#### [Exercise requirements]
The records below are to be restated word for word; their pictures are not.
• • • •
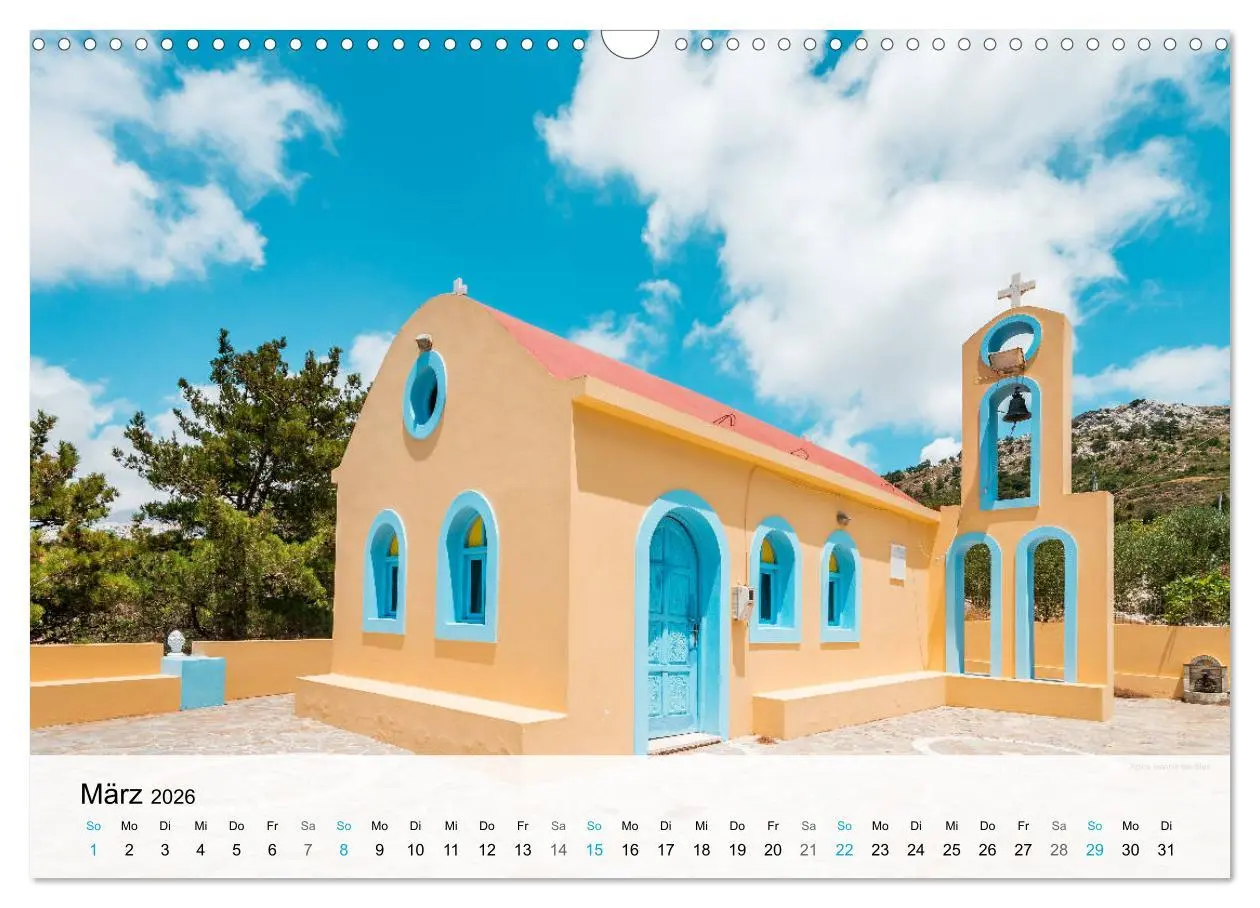 Bild: 9783457673072 | Insel Karpathos - Inselschönheit des Dodekanes (Wandkalender 2026...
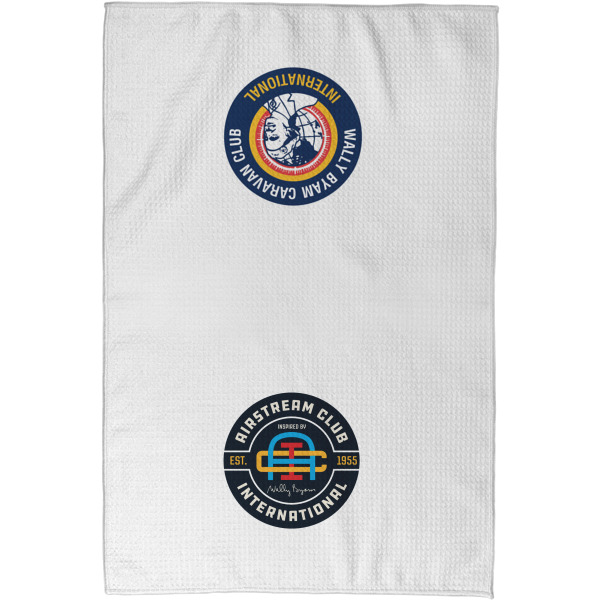 Custom Design - Waffle Towel - Partial Print - Approval Image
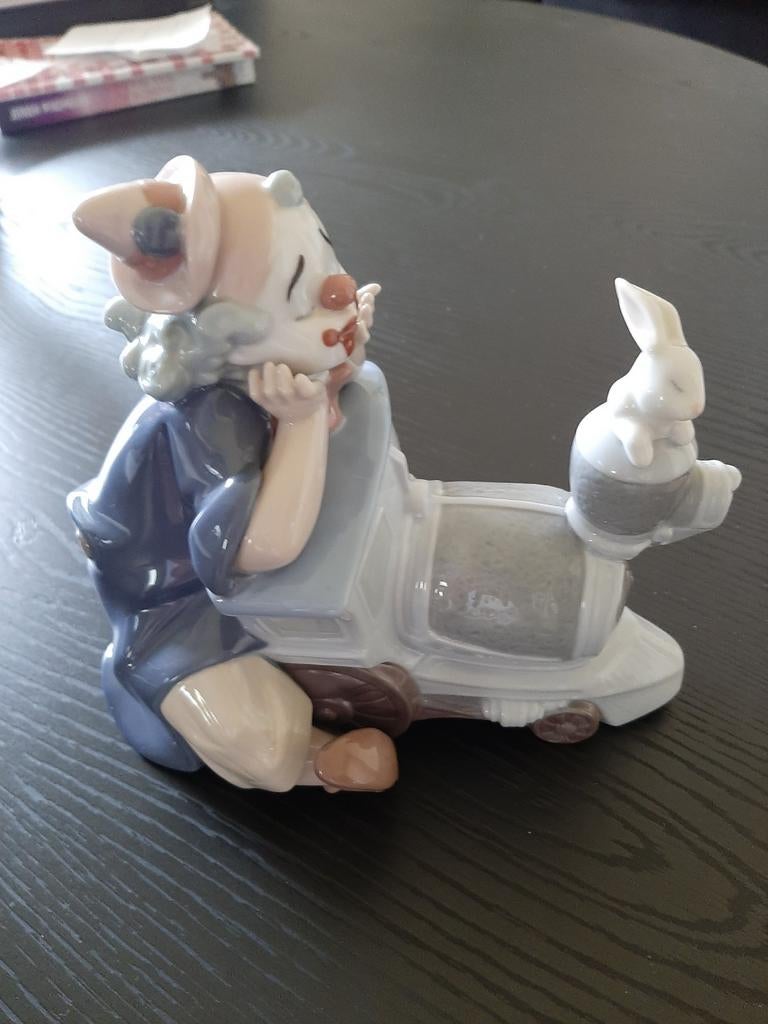 Lladro privilege trein, Ophalen, Overige typen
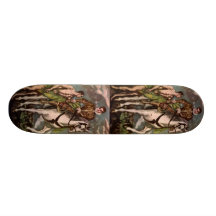 El Greco's Saint Martin and the Beggar, circa 1600 Skate Deck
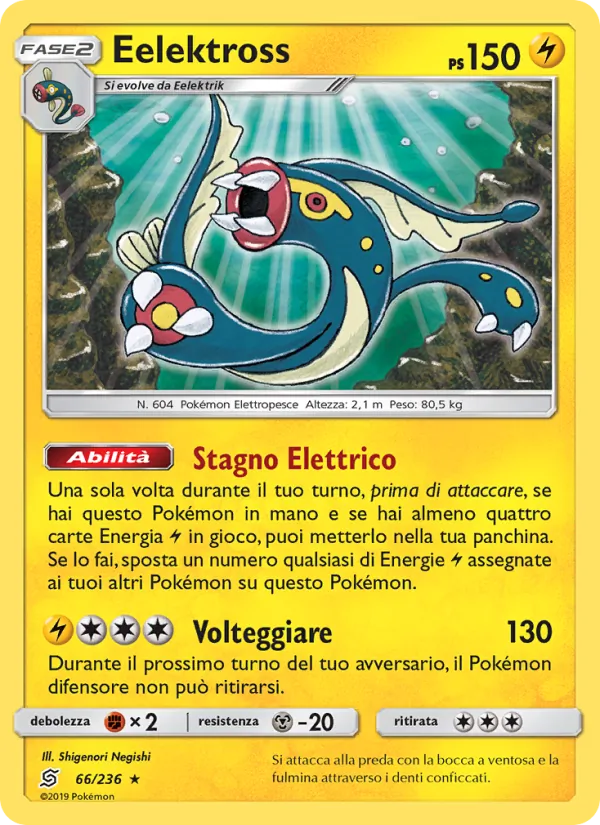 Eelektross (Sintonia Mentale #66/236)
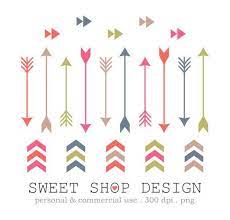 Tribal Arrow Digital Clip Art Navaho Clip Art Royalty Free Clip Art Instant Download By Sweetshopdesign 4 95 Free Clip Art Tribal Arrows Digital Clip Art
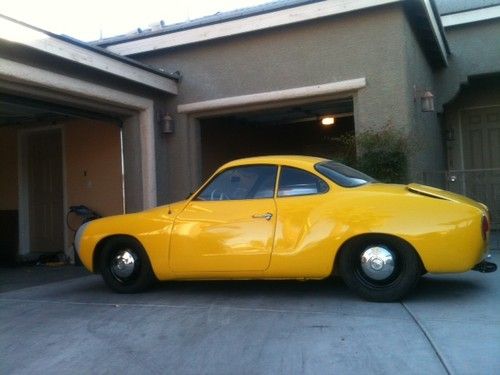 1967 volkswagon karmann ghia. west coast custom. 2-door coupe. wow must sell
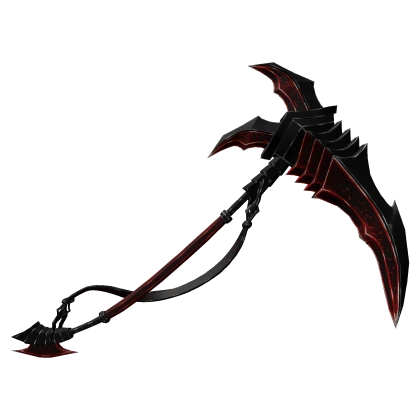 Empyrean Crimson Vampiric Scythe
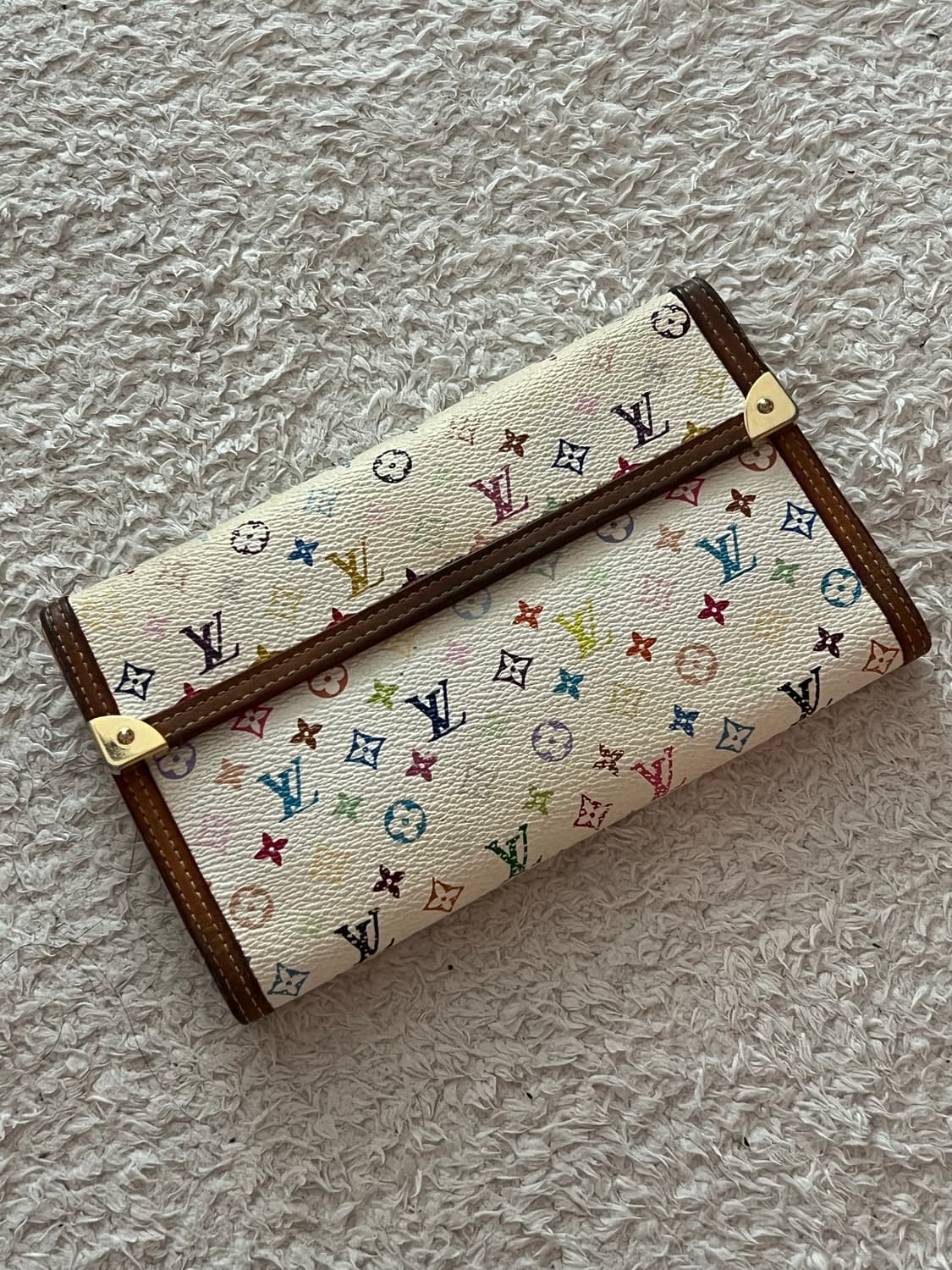 루이비통 멀티컬러 장지갑 상품이미지1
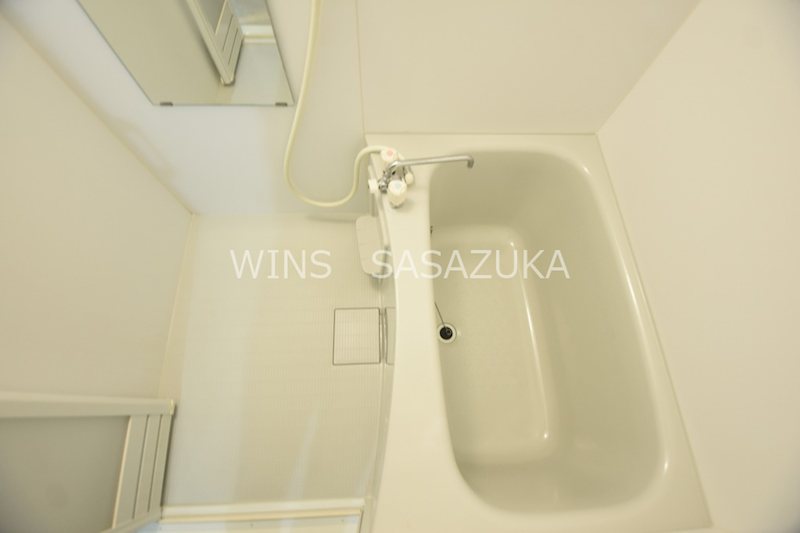 ハツダイフラット 風呂画像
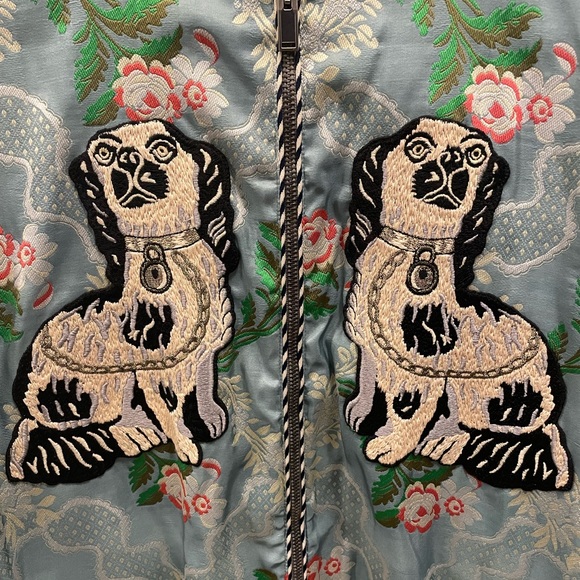 Gucci King Charles Bomber Jacket - Picture 6 of 12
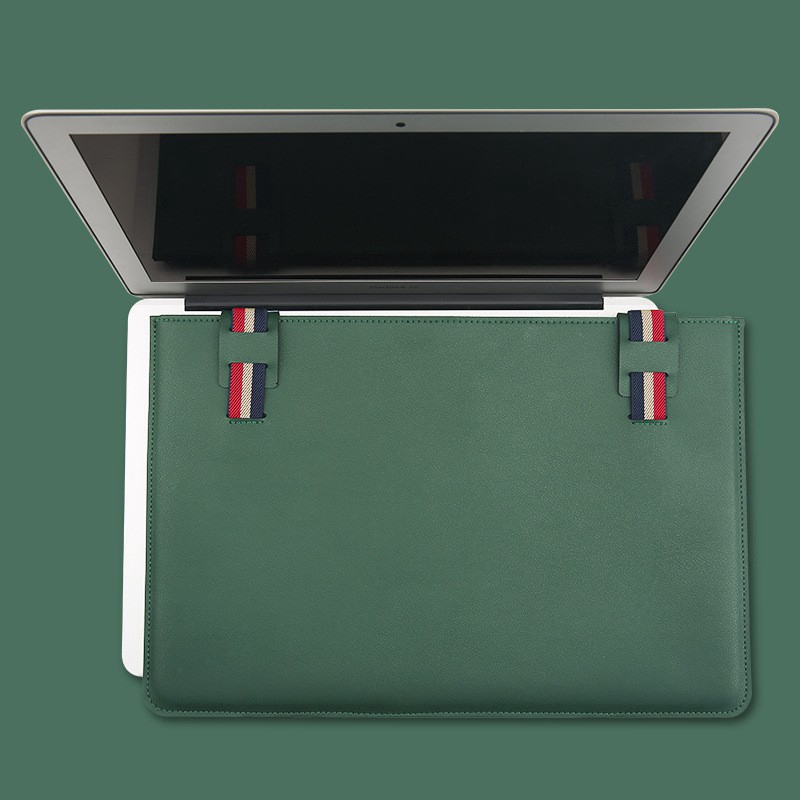 Túi Da Đựng Macbook Air Pro Dell Huawei Kích Thước 13.3 14 15 Inch | BigBuy360 - bigbuy360.vn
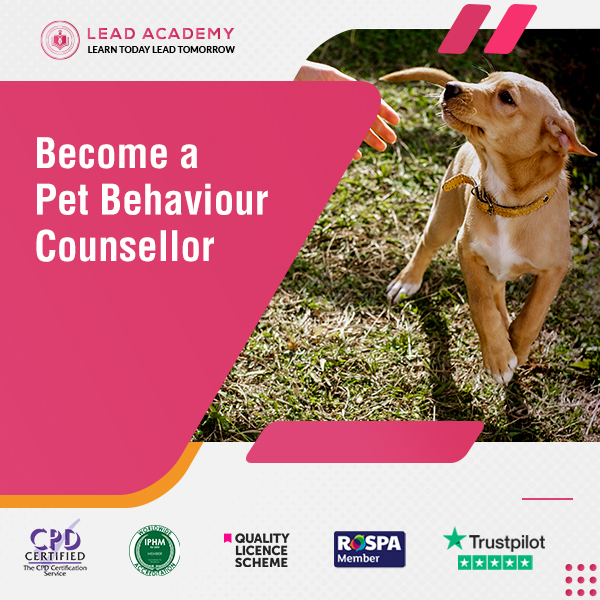 Pet Behaviour Counsellor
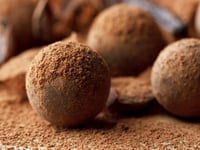 Photo de la Recette: Gâteau Sans Cuisson Truffles aux Biscuits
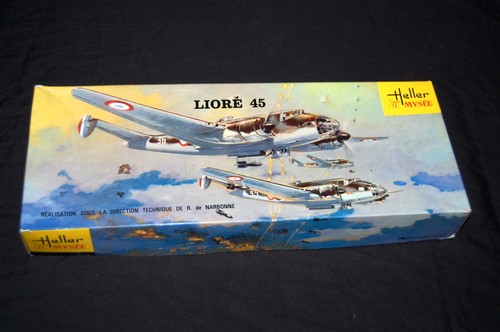 Heller maquette avion 80398 LIORE et OLIVIER 45 1/72 Heller maquette avion 80398 LIORE et OLIVIER 45 1/72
• • • •
#### [Result for this exercise]
 Bild: 9783457673072 | Insel Karpathos - Inselschönheit des Dodekanes (Wandkalender 2026...
 Custom Design - Waffle Towel - Partial Print - Approval Image
 Lladro privilege trein, Ophalen, Overige typen
 El Greco's Saint Martin and the Beggar, circa 1600 Skate Deck
 Eelektross (Sintonia Mentale #66/236)
 Tribal Arrow Digital Clip Art Navaho Clip Art Royalty Free Clip Art Instant Download By Sweetshopdesign 4 95 Free Clip Art Tribal Arrows Digital Clip Art
 1967 volkswagon karmann ghia. west coast custom. 2-door coupe. wow must sell
 Empyrean Crimson Vampiric Scythe
 루이비통 멀티컬러 장지갑 상품이미지1
 ハツダイフラット 風呂画像
 Gucci King Charles Bomber Jacket - Picture 6 of 12
 Túi Da Đựng Macbook Air Pro Dell Huawei Kích Thước 13.3 14 15 Inch | BigBuy360 - bigbuy360.vn
 Pet Behaviour Counsellor
 Photo de la Recette: Gâteau Sans Cuisson Truffles aux Biscuits
 Heller maquette avion 80398 LIORE et OLIVIER 45 1/72 Heller maquette avion 80398 LIORE et OLIVIER 45 1/72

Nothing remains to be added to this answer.